Согласно этим успокоительным указаниям, «внешний мир», хотя и лежит «во зле и соблазнах», хотя и правится безнравственным законом борьбы, тем не менее ведается и «Божией волей». Она состоит в том, чтобы люди жалели друг друга и не думали о том, что из этого выйдет. Надо самому «следовать только тем указаниям разума и любви, которые Он вложил в меня для исполнения Его воли», и предоставить последствия такого делания на Божие усмотрение, ибо эти последствия суть «дело Божие». Это от Бога устроено так, что каждый человек отвечает только за себя и что никто не имеет ни «права», ни «возможности устраивать жизнь других людей»; «дело каждого устраивать, блюсти только свою жизнь»; и потому при виде злодейства человек должен «ничего не делать», предоставляя согрешившему «каяться или не каяться, исправляться или не исправляться», не мешая и не вторгаясь в его внутренний мир, в эту сферу Божьего ведения. Такое вторжение, такое «выхождение за пределы своего существа» означало бы попытку присвоить себе Божии права, узурпировать Божию власть, «святотатственно» заместить волю Божию, как якобы недостаточную, но такая попытка всегда равносильна «отрицанию Бога». Поэтому всё, что я могу сделать в защиту убиваемого ближнего, – это предложить злодею удовлетвориться убиением меня; если же он не заинтересуется моим предложением и предпочтёт убить свою жертву, то мне остаётся усмотреть в этом «волю Божию»…
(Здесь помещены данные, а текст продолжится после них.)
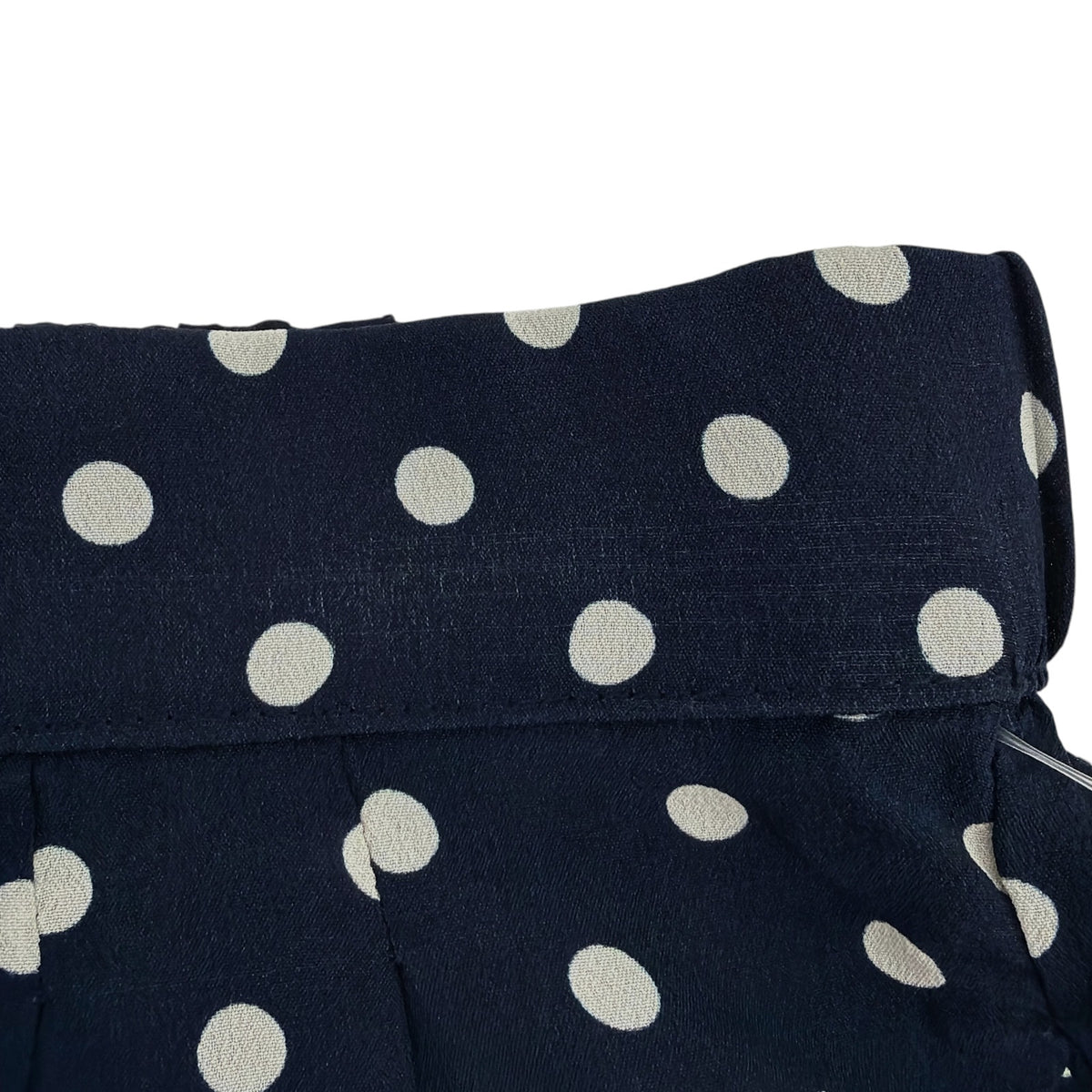 BIRDS of PARADIS by TROVATA Leigh Pant in Navy Polka Dot XS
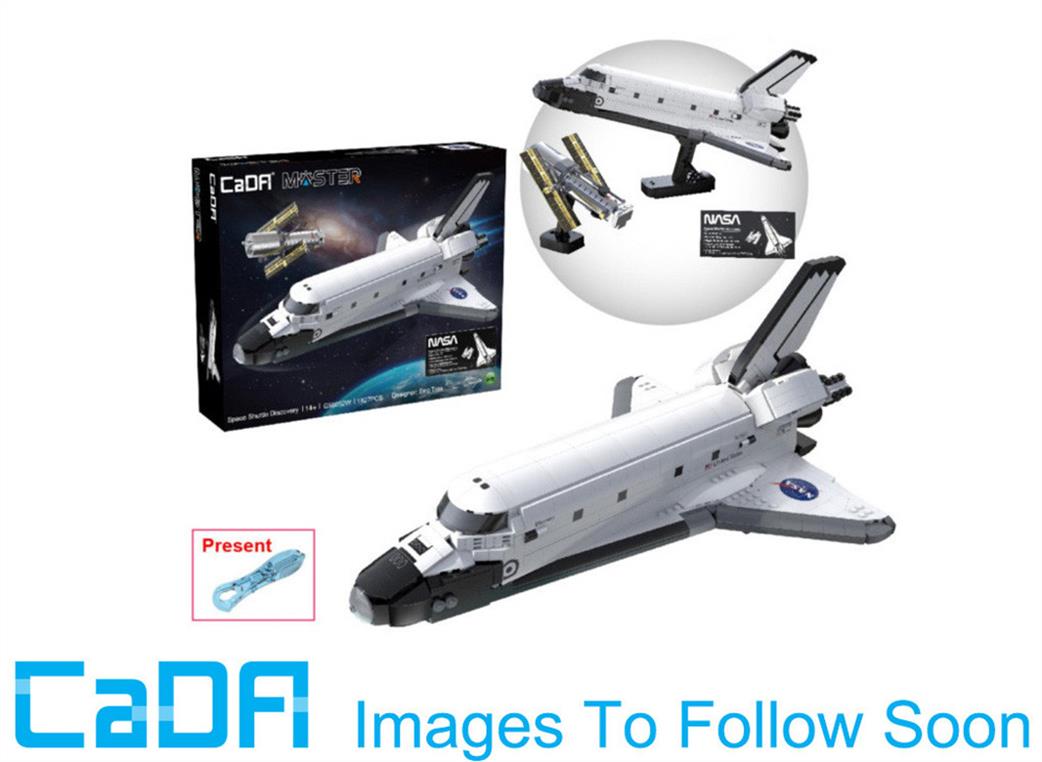 CaDa  C56052W NASA Space Shuttle Discovery 1827 pcs Brick Model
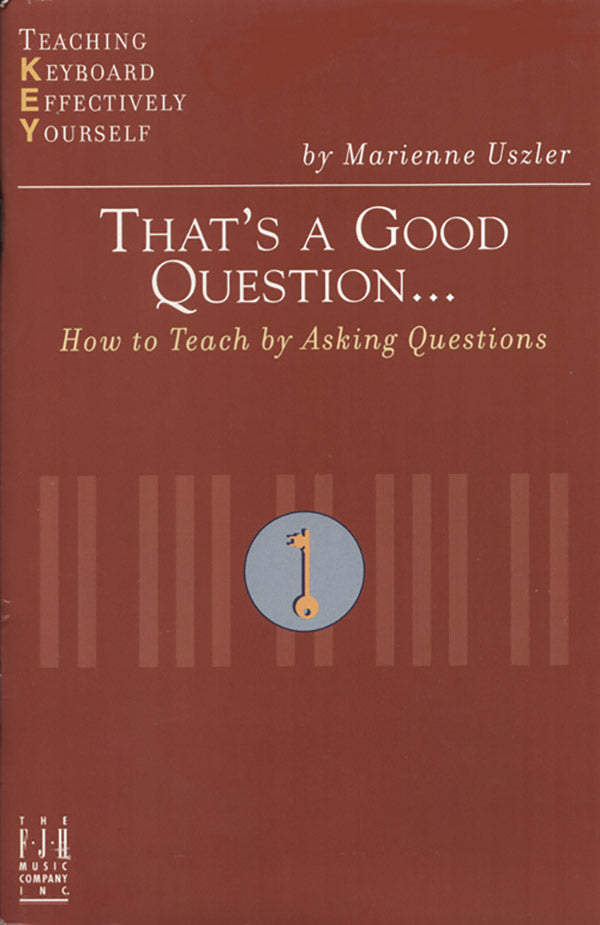 書籍 THAT'S A GOOD QUESTION... [BOOK-133455]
Таково практическое миронеприятие, к которому приходит Л. Н. Толстой, отправляясь от своей сентиментальной морали, двигаясь вперёд со всею своею нигилистическою прямолинейностью и не замечая ни затруднений, ни противоречий. Близорукий и мнительный, моральный суд вламывается в самую сущность живого мировосприятия, судит, критикует и отвергает, не давая ни испытать, ни увидеть, ни осмыслить, не позволяя ни зародиться, ни расцвести иному, не специфически-моральному, – религиозному, или научному, или духовно-нравственному испытанию и увидению. И вот духовный нигилизм восполняется столь же нигилистическим отношением к инстинкту, к чувству любви и деторождению. Моралист учит относиться к жизни инстинкта, к его живой тайне, к его здоровой и духовно-значительной глубине, к святыне брака, отцовства и материнства – с тем же отрицанием, как и к жизни духа. Жалость, отвернувшаяся от духа и изнемогшая при виде чужого страдания, отвергает и основную силу жизни, как греховную и злую, ибо она усматривает некую «безжалостность» в природе и в инстинкте, не усматривая его таинственной мощи и его удобопревратимости в духовное благо. Верный себе, сентиментальный моралист требует от «природы» того, чего она дать не может и не хочет, и не может взять от неё то, что составляет её богатство и глубину. И так как он привык измерять всякое совершенство моральным мерилом и усматривать веяние Божественного только в жалости, то ему остаётся осудить «внешний мир» и освободить себя от волевого участия в нём. Да и что же другое могла бы сказать «добродетель», не усматривающая Божественного ни в чём, кроме самой себя? Если тяга во «внешний мир» есть тяга к насилию, уводящая от добродетели, то этим уже произнесён приговор не только «внешнему миру», который вовлекает душу в грех, но и тому существу, которое влечётся к насилию. И отсюда неизбежное требование: отвернуться от «внешнего мира» и постольку, поскольку он вне человека, и постольку, поскольку он скрыт в самом человеке, хотя бы для этого пришлось низвести человека до уровня первобытного варварства, духовной слепоты, физической нечистоплотности и повального вымирания.
Если внешний мир «лежит во зле» и «вечный», неотразимый закон, правящий им, «безнравствен», то не следует ли, в самом деле, отвернуться и бежать от мира, спасаясь? и вот моралист освобождает человека от призвания участвовать в великом процессе природного просветления и в великом историческом бое между добром и злом; он избавляет его от задания найти своё творчески-поборающее место в мире вещей и людей; он снимает с него обязанность участвовать в несении бремени мироздания; он даёт ему в руки упрощённый трафарет для суда над миром и ставит его перед дилеммой: или идиллия, или бегство; и этим он научает его морализирующему верхоглядству и безответственному духовному дезертирству. И наставляя человека к такой мнимой мудрости и праведности, он, по-видимому, совсем не даёт себе отчёта в том, что его учение насаждает в душах противорелигиозное высокомерие и ослепление.